» **About this task**
Repeat, please, only the lines from the top of the data down to the line with "何年も魚釣りの妻はまだ私のキャッチを最高のした キーホルダー (正面)"; include both of those lines.

Segment Start: Records for the task

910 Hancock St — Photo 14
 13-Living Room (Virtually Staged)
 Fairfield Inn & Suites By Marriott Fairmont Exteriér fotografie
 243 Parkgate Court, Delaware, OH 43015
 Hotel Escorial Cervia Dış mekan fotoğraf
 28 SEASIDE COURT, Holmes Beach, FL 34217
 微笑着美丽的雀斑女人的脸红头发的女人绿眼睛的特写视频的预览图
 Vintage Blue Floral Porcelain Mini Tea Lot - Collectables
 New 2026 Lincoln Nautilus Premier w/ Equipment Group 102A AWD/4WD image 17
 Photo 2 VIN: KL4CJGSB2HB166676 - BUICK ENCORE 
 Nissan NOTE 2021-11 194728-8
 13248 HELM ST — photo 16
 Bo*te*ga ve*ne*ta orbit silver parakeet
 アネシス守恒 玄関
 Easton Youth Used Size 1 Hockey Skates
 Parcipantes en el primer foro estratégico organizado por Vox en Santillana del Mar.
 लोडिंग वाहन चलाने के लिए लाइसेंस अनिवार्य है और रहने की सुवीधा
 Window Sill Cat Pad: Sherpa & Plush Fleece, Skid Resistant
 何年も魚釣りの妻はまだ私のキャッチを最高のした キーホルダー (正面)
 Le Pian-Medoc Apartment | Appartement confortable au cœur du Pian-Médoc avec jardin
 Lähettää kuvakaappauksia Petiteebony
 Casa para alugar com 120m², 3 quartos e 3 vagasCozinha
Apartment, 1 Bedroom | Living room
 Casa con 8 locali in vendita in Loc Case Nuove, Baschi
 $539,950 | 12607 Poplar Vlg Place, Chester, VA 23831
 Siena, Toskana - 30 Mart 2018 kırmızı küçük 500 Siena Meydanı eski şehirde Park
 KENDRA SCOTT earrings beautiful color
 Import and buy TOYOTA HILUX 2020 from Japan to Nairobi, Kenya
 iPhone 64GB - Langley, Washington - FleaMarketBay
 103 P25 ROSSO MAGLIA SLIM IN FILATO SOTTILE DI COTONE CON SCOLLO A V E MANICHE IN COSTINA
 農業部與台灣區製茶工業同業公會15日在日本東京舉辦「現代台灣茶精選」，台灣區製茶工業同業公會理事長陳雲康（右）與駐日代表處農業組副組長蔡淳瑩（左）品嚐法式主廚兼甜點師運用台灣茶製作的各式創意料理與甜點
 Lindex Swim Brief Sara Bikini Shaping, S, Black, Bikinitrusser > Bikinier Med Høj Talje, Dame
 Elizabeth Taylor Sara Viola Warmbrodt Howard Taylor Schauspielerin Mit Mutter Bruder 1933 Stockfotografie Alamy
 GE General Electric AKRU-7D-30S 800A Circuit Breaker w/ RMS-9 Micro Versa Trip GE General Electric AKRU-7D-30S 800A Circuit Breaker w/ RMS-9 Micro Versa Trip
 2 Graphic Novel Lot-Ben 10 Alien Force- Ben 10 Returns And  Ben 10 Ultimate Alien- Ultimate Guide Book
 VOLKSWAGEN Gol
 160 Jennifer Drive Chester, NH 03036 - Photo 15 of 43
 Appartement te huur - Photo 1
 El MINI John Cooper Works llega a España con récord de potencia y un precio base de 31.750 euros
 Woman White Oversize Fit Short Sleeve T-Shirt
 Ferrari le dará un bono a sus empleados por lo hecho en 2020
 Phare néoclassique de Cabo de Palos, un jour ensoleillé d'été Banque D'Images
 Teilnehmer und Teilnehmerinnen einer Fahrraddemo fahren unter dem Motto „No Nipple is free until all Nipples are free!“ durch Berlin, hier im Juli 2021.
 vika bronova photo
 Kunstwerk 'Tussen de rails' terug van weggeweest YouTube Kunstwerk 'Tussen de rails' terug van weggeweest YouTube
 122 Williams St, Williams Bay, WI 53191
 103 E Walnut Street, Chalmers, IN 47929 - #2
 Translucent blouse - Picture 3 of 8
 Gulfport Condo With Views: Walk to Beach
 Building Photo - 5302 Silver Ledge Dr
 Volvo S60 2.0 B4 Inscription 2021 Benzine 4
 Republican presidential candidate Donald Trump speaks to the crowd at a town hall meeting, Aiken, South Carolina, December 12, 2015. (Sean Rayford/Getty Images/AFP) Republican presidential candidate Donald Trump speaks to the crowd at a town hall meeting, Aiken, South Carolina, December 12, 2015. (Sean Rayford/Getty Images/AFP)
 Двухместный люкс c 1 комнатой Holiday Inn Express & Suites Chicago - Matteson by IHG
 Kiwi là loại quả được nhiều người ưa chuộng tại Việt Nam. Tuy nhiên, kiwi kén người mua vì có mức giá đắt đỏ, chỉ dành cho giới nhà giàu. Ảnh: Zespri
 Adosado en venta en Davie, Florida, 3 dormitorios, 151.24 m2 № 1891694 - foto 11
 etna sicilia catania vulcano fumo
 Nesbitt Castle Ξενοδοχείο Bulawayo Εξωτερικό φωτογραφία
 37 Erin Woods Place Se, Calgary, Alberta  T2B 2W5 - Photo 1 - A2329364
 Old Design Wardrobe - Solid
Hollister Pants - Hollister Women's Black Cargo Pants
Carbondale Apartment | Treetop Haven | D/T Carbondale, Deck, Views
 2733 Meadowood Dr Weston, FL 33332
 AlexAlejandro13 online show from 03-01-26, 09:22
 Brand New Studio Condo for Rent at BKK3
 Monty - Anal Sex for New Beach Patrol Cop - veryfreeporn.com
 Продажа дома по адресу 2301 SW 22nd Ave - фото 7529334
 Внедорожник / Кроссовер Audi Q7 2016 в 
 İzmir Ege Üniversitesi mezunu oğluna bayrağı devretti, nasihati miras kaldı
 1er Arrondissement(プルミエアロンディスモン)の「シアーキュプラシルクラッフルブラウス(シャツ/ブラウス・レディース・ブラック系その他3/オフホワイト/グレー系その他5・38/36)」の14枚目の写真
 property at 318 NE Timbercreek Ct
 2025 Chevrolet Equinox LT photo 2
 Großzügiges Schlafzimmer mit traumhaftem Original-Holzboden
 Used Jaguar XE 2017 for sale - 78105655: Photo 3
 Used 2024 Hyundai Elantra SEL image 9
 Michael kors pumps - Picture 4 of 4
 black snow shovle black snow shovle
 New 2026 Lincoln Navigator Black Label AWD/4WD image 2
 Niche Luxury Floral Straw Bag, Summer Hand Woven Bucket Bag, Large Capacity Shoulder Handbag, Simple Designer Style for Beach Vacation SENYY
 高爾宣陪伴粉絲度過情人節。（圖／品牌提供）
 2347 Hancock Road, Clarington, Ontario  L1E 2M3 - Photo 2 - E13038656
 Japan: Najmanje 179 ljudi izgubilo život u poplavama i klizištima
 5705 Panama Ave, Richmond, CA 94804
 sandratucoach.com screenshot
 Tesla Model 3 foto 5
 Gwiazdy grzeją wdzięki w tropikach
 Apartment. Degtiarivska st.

Segment End: Records for the task

» **Answer**
910 Hancock St — Photo 14
 13-Living Room (Virtually Staged)
 Fairfield Inn & Suites By Marriott Fairmont Exteriér fotografie
 243 Parkgate Court, Delaware, OH 43015
 Hotel Escorial Cervia Dış mekan fotoğraf
 28 SEASIDE COURT, Holmes Beach, FL 34217
 微笑着美丽的雀斑女人的脸红头发的女人绿眼睛的特写视频的预览图
 Vintage Blue Floral Porcelain Mini Tea Lot - Collectables
 New 2026 Lincoln Nautilus Premier w/ Equipment Group 102A AWD/4WD image 17
 Photo 2 VIN: KL4CJGSB2HB166676 - BUICK ENCORE 
 Nissan NOTE 2021-11 194728-8
 13248 HELM ST — photo 16
 Bo*te*ga ve*ne*ta orbit silver parakeet
 アネシス守恒 玄関
 Easton Youth Used Size 1 Hockey Skates
 Parcipantes en el primer foro estratégico organizado por Vox en Santillana del Mar.
 लोडिंग वाहन चलाने के लिए लाइसेंस अनिवार्य है और रहने की सुवीधा
 Window Sill Cat Pad: Sherpa & Plush Fleece, Skid Resistant
 何年も魚釣りの妻はまだ私のキャッチを最高のした キーホルダー (正面)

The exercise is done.